Pour les intellectuels, et pour plusieurs autres types d’individus, écrire est plaisant. Écrire exprime, écrire libère. En écrivant, l’esprit se décharge de pensées confuses et apparemment aléatoires pour les organiser et les ordonner selon une cohérence qui lui plaît. L’écriture est la traduction de pensées immatérielles et pratiquement insaisissables en mots : en symboles fixés et reconnus par des conventions culturelles. Par le langage, une pensée incommunicable peut être transmise non seulement aux amis et aux proches mais aussi à d’immenses masses humaines. L’écriture est l’application la plus réfléchie (car la plus lente) du langage. Elle en est l’incarnation la plus profonde et, peut-être, la plus puissante. « Les paroles s’envolent, les écrits restent ». La pensée humaine possède un potentiel dont l’histoire a exploré les limites, mais celles-ci ne sont aucunement atteintes. Par les diverses formes de raffinement de l’esprit, mais surtout par l’écriture, nous nous rapprochons de ces limites et nous améliorons l’éthique et l’esthétique de l’humanité.

Ou peut-être que cela est complètement faux. Bien que l’écriture ait des vertus communicationnelles incontestables, elle est une formalisation qui structure, catégorise et, jusqu’à un certain point, définit les pensées qui traversent notre esprit.
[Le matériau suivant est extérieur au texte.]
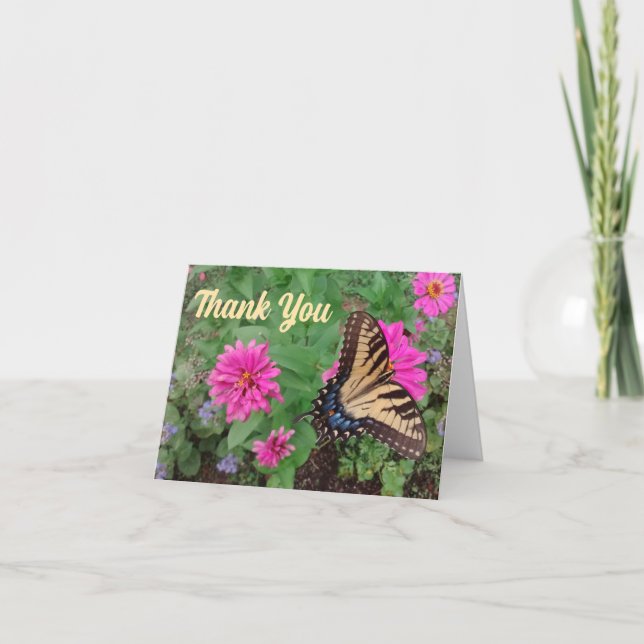 Tiger Swallowtail Parmi Les Fleurs Carte de remerc (Devant)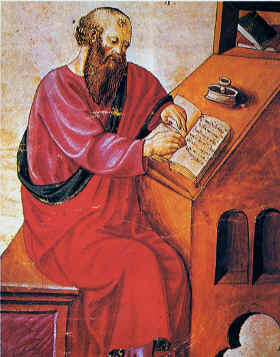 Aristteles escribiendo sus descubrimientos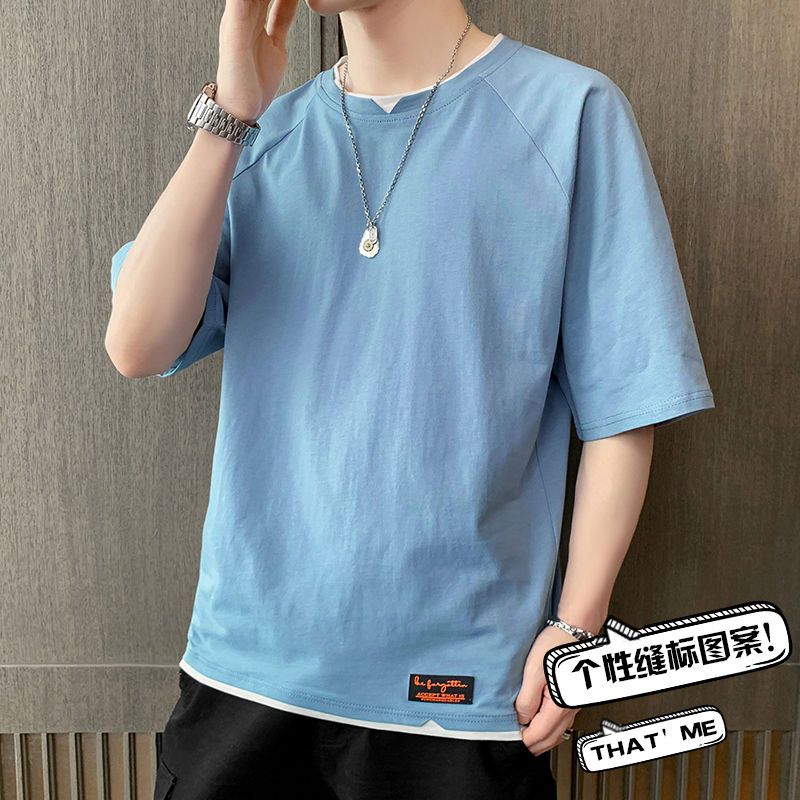 新款夏季男士短袖T恤宽松青少年初中学生韩版潮流半袖ins体恤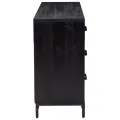 Buffet Noir 110x35x70 cm Bois de pin massif
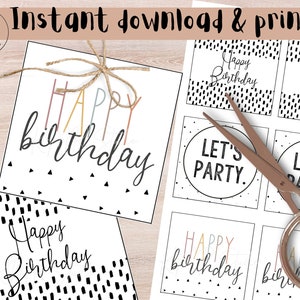 Birthday VARIETY TAGS; 2.5&quot; Squares; INSTANT download & print! B W Mod Collection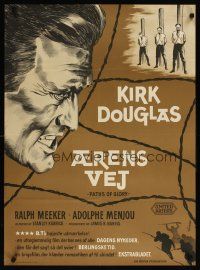 1k426 PATHS OF GLORY Danish '59 Stanley Kubrick, different Wenzel artwork of Kirk Douglas!
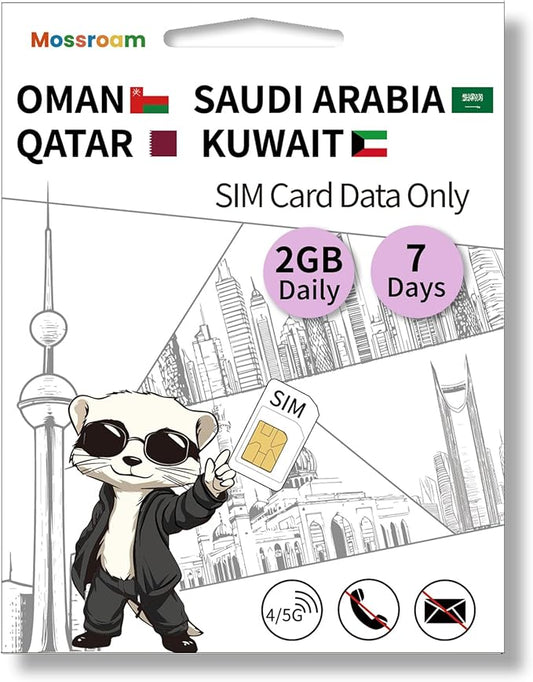 3-in-1 SIM Card for Saudi Arabia, Qatar, Oman, Kuwait – Prepaid Data Plans | Day Pass 2GB Daily Data,7 Days | Unlimited 4/5G Speed Internet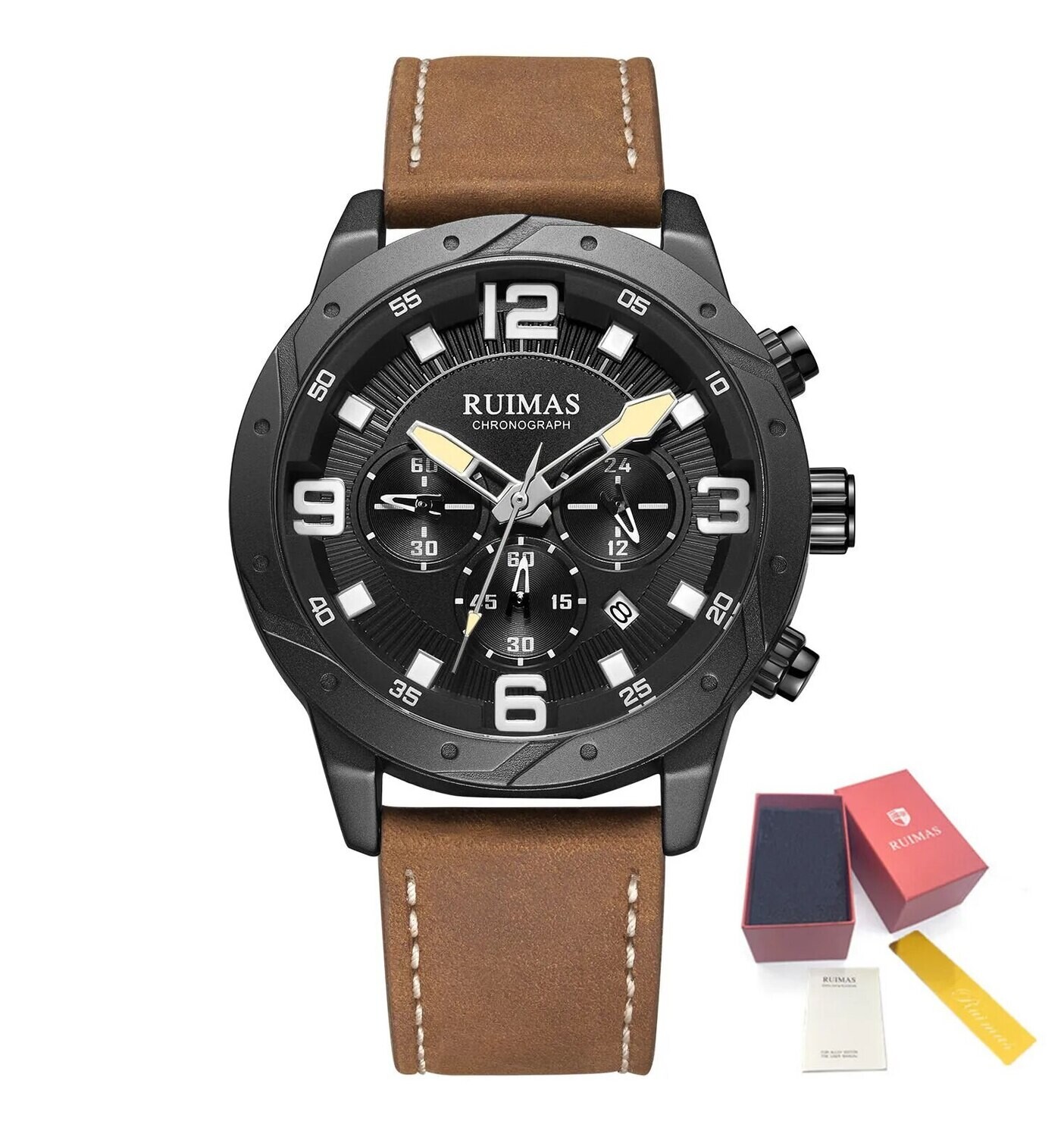 RUIMAS Relogio Masculino Fashion Men Quartz Watch Leather Sport Military Wristwatch Waterproof Clock with Auto Date, Color: Black Brown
Le flot continu et ondulant des pensées, cette informité cérébrale et spirituelle, est moulé par des contours rigides dont la forme n’évolue que très lentement : et pas toujours vers le meilleur. Peut-être perdons-nous une tranche de contenu, une profondeur qui n’existe que dans la pureté de la pensée à son origine. Loin de « peut-être », c’est certain. Ce qui est communiqué par le langage n’est qu’une fraction de ce qui est pensé; on sacrifie consciemment une fraction de l’information en traduisant la pensée en mots. Mais alors, est-il véritablement bénéfique de mettre ses pensées sur papier pour les clarifier? Elles sont effectivement plus claires ainsi, mais peut-être sont-elles moins vraies?
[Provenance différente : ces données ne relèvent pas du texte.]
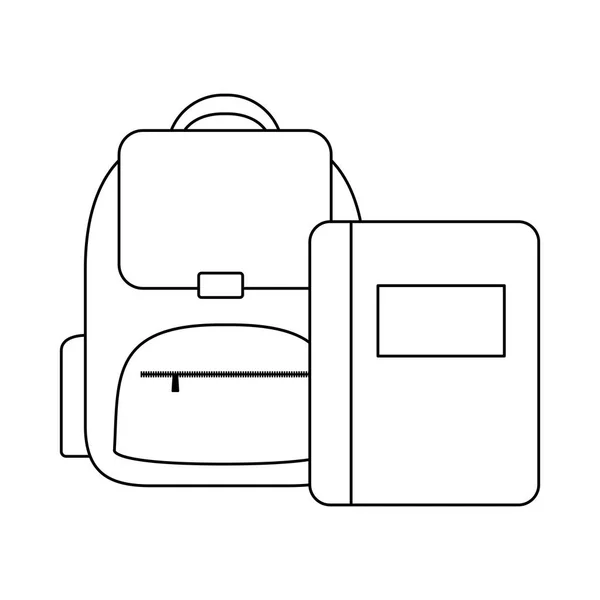 Fornitura di borsa della scuola con notebook — Vettoriale Stock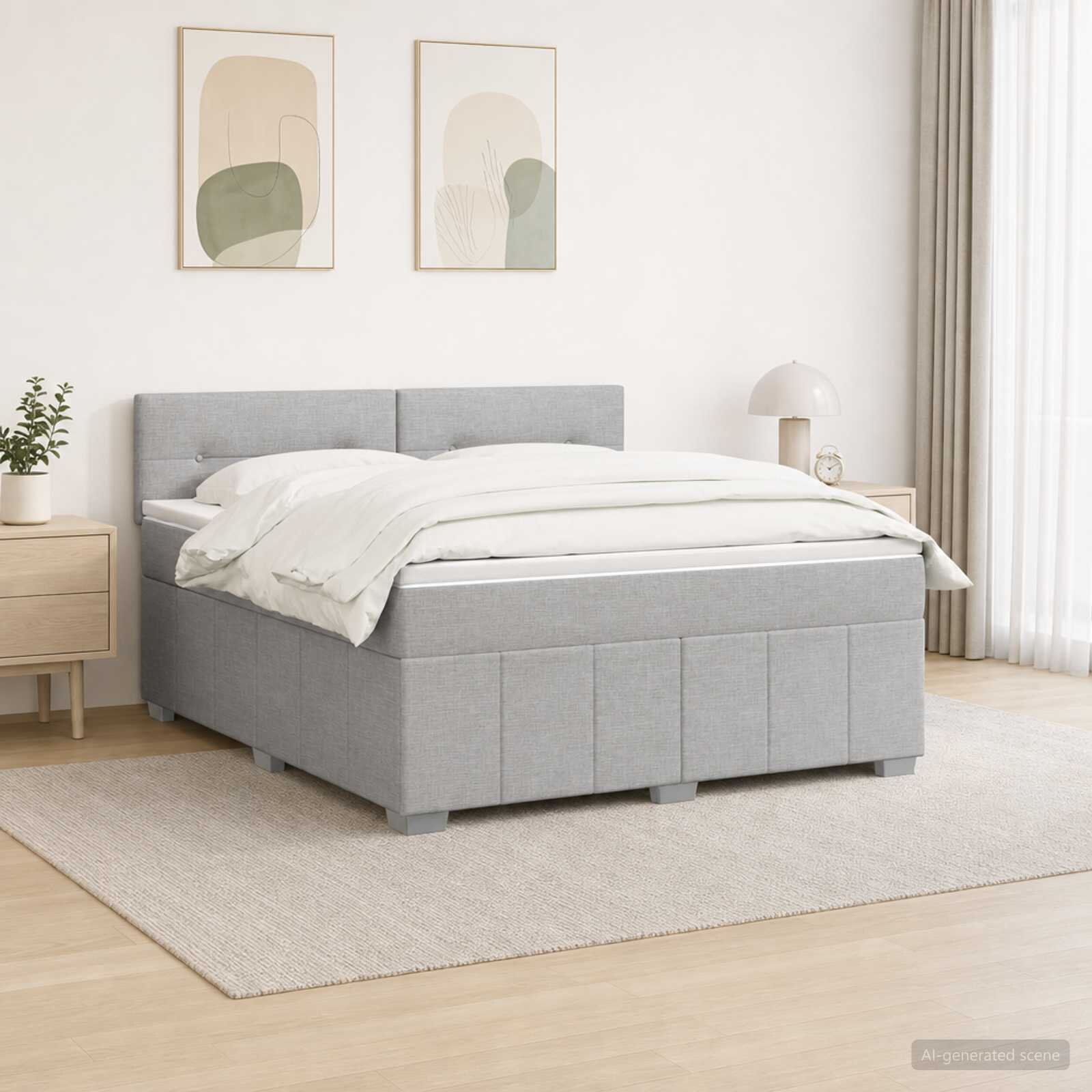 vidaXL Континентално легло с матрак Светлосиво 140 x 190 cm Текстил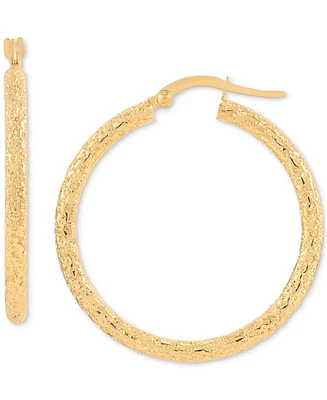 Italian Gold Textured Tube Medium Hoop Earrings in 10k Gold, 1-1/8"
Non seulement cette clarté est peut-être illusoire car superficielle, mais peut-être emprisonne-t-elle dans un carcan intellectuel une pensée autrement libre et créatrice? L’émotion serait certainement mieux transmise par télépathie que par une lettre écrite mais on peut avoir l’impression que, à l’inverse, des pensées très rationnelles sont plus fidèlement transmises par des mots fixés que des pensées volages. Pourtant, si on y réfléchit un moment, la télépathie serait forcément un meilleur mode de communication que l’écriture puisque, il faut se le rappeler, ce sont des pensées qu’on communique : pas des objets. Aussi rationnelle que soit la pensée que l’on veut transmettre, les mots seront toujours imparfaits pour la représenter dans toutes ses subtilités, dans toute sa profondeur. Ainsi, en ordonnant systématiquement nos pensées par écrit, peut-être y a-t-il un risque de perdre en profondeur d’esprit.
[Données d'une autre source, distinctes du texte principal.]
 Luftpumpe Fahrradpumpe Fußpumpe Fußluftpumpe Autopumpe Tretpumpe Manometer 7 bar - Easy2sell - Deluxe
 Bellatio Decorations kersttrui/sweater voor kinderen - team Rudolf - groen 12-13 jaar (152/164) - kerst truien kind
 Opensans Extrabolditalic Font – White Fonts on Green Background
Bien sûr, mener cette réflexion par écrit a quelque chose de paradoxal mais je crois qu’il nous est bénéfique de développer un goût pour le paradoxe. Si on accepte l’hypothèse développée ici, la conséquence logique n’est pas de cesser complètement d’écrire : ce serait aussi illogique que de cesser complètement de communiquer. Seulement, lorsque le but recherché est de clarifier et d’approfondir une pensée, l’écriture est peut-être un handicap plus qu’une aide. Peut-être vaut-il mieux développer et clarifier nos pensées de façon aussi immatérielle que possible, en ne limitant leur flot par aucun symbolisme langagier, pour finalement les traduire en mots lorsqu’elles seront parfaitement claires et profondes. Si la pensée est insatisfaisante à l’esprit, elle le sera d’autant plus à l’écrit. La satisfaction que procure la clarté illusoire de l’écrit ne doit pas nous séduire. Probablement que d’innombrables pensées précieuses furent laissées dans un état primitif puisqu’elles furent traduites en écrits trop rapidement : avant que la pensée ne se soit elle-même raffiné jusqu’à son plein potentiel. De toutes les séductions de l’esprit, celle qui nous incite à écrire nos pensées incomplètes pour les clarifier est certainement parmi celles qui inspirent le moins de méfiance. C’est pourquoi il importe de s’en méfier d’autant plus sérieusement.